The pictures stay out. Please retype every line below exactly.

○ ○ ○ ○ ○

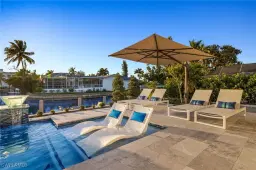 Picture of 1650 Mullet Ct, Naples, FL 34102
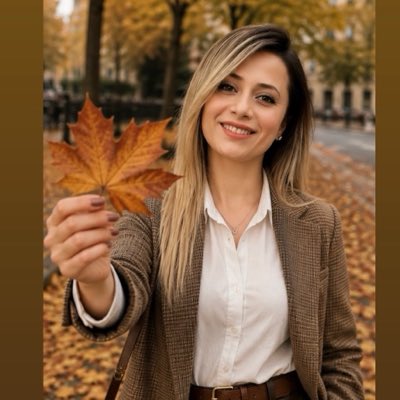 lknurERBA2's tweet photo. #YeniProfilResmi https://t.co/QYB5P7zcaX
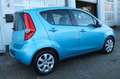Opel Agila B Edition Blau - thumbnail 4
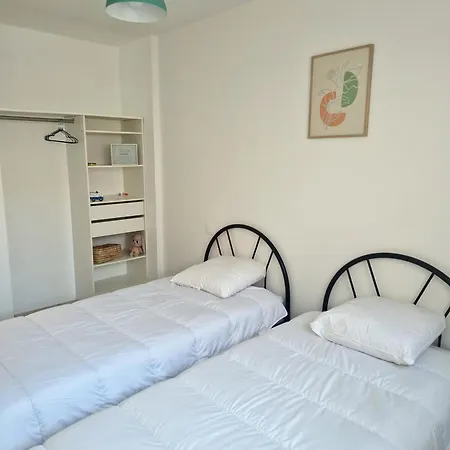 La Tpi * Perpignan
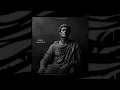 Download Lagu Lascu - Deja Dus [ELVR001]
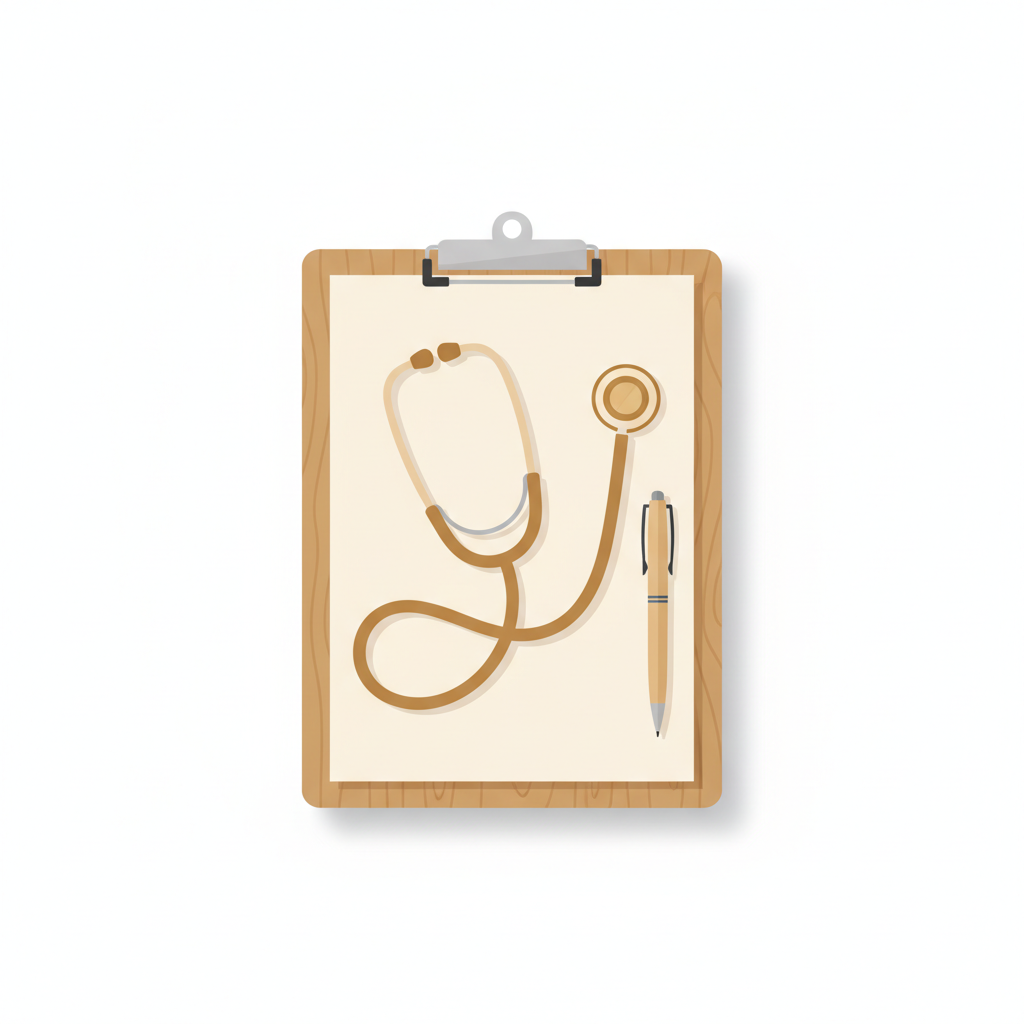 池袋でのイボ除去後の肌ケアと合併症予防のための正しい処置方法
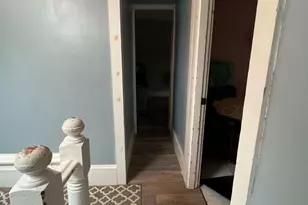 6 Elm St, Gardiner, ME 04345 - Photo 21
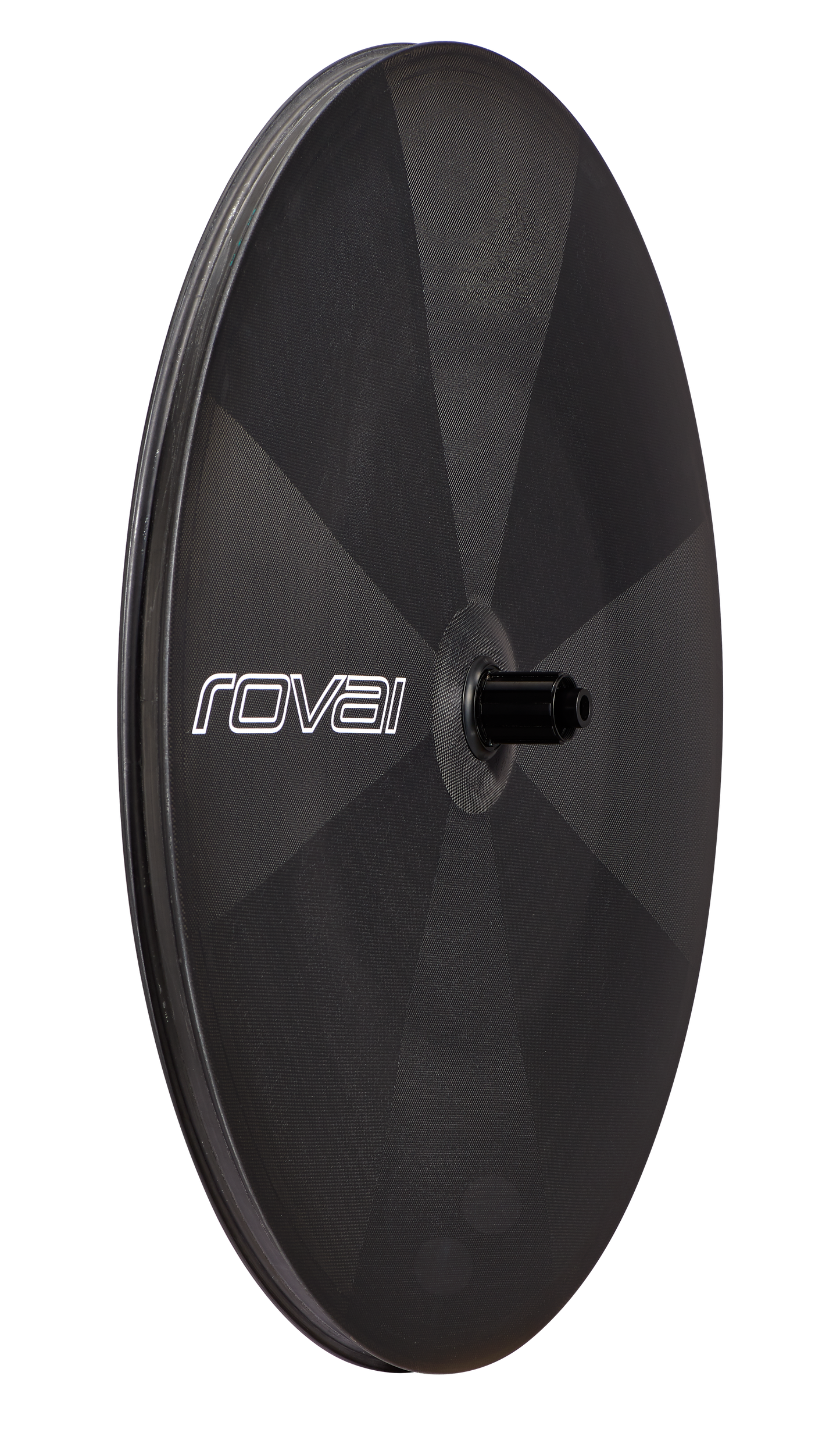 Roval 321 Disc - Disc Brake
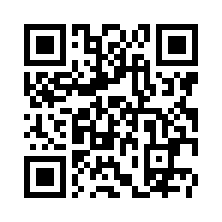 QR Code for 3JGhgjFqaonoWGqHLLaxZNwmGFWWBjfdN4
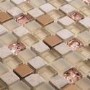Valencia Wall Mosaic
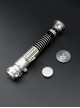 Replica Series Luke V2 Version Lightsaber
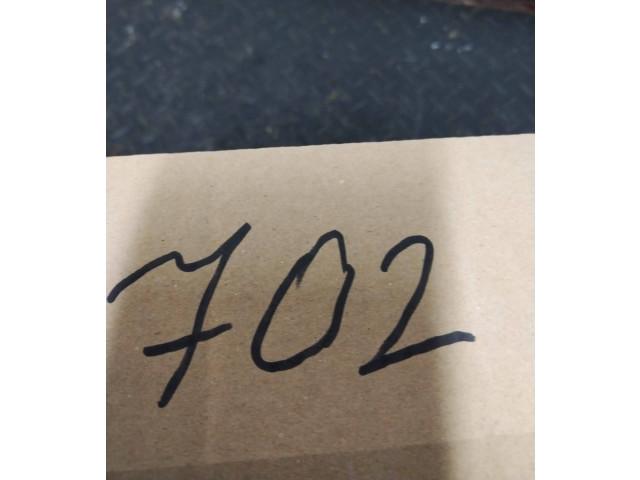 Вентилятор печки    W964423D   Mini One - Cooper R50 - 53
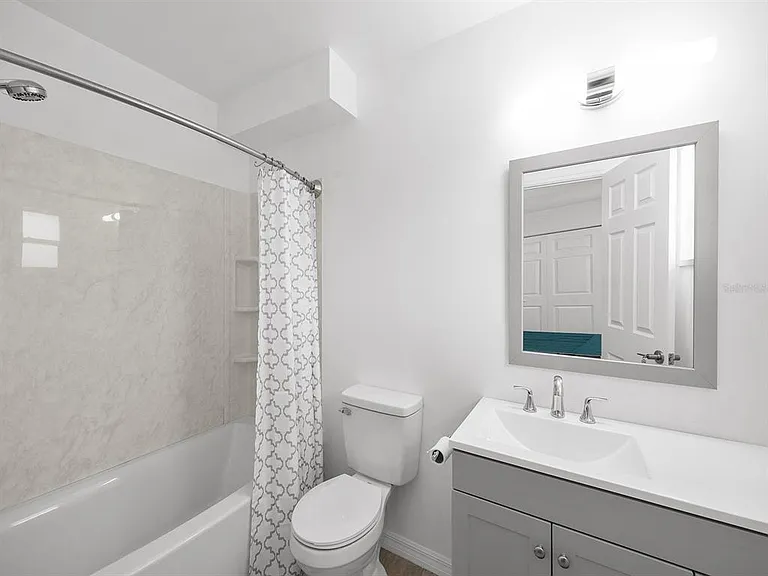 23019 Seneca Ave #B — Photo 15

○ ○ ○ ○ ○

SOLUTION FOR THIS TASK:
 Picture of 1650 Mullet Ct, Naples, FL 34102
 lknurERBA2's tweet photo. #YeniProfilResmi https://t.co/QYB5P7zcaX
Opel Agila B Edition Blau - thumbnail 4
 La Tpi * Perpignan
 Download Lagu Lascu - Deja Dus [ELVR001]
 池袋でのイボ除去後の肌ケアと合併症予防のための正しい処置方法
 6 Elm St, Gardiner, ME 04345 - Photo 21
 Roval 321 Disc - Disc Brake
 QR Code for 3JGhgjFqaonoWGqHLLaxZNwmGFWWBjfdN4
Valencia Wall Mosaic
 Replica Series Luke V2 Version Lightsaber
 Вентилятор печки    W964423D   Mini One - Cooper R50 - 53
 23019 Seneca Ave #B — Photo 15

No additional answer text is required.